Soldi sporchi dall’Abruzzo per finanziare gruppi terroristici in Siria. Ieri mattina i carabinieri hanno arrestato dieci persone per reati tributari con finalità di terrorismo. L’indagine, nata nel 2015, ha portato anche all’iscrizione nel registro degli indagati di altre diciassette persone. A finire nei guai, oltre a due commercialisti italiani, anche l’imam della moschea Dar Assalam di Martinsicuro, centro nevralgico della comunità musulmana che vive a cavallo tra le Marche e l’Abruzzo. 

Secondo gli investigatori della procura antiterrorismo di L’Aquila, i fondi neri creati in Abruzzo tramite semplici operazioni di evasione fiscale venivano trasferiti in Turchia e da lì partivano nuovamente per finanziare il trasferimento verso la Siria di miliziani di Al-Nusra. Un’altra parte dei soldi, invece, restava in Italia, a finanziare le attività di altri imam. In totale, è stata posta sotto sequestro una somme e immobili per un valore pari a un milione di euro.

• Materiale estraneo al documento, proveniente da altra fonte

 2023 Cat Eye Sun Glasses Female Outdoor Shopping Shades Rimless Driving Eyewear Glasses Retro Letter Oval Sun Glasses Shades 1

Nei fascicoli investigativi sono finite anche tante intercettazioni in cui gli arrestati commentavano gli attentati di matrice islamica compiuti in Europa. 

«Che botta però a Parigi – si legge in uno dei faldoni -, ho la mia opinione, ma me la tengo stretta nel cuore…». E ancora: «Non è questione di credere o non credere, se ti è piaciuta o non ti è piaciuta… Con loro che uccidono i nostri figli, noi uccidiamo i loro figli. Con loro che uccidono le nostre donne, noi uccidiamo le loro donne». 

L’affiliazione diretta a organizzazione terroristiche organizzate, tuttavia, appare incerta. In un’altra intercettazione, infatti, due degli arrestati discutono sul da farsi, valutando e soppesando diverse ipotesi: «In Siria ci sono vari gruppi e non bisogna unirsi a quello sbagliato. I migliori sono Al-Nusra e Fateh Al Islam, che sono appoggiati da Qatar e Arabia Saudita. Ci sono altri gruppi che non si sanno comportare, Al-Nusra invece è l’esercito dell’Islam, è un’organizzazione buona».

Il personaggio chiave dell’indagine «Zir» coordinata dalla procura di L’Aquila con l’ausilio dei carabinieri del Ros e della guardia di finanza, sarebbe un uomo di origine tunisina che lavora in Italia da anni nel commercio di tappeti e nell’edilizia. Lui, secondo gli inquirenti, sarebbe la persona che aveva maggiori legami con il terrorismo in Turchia e in Siria.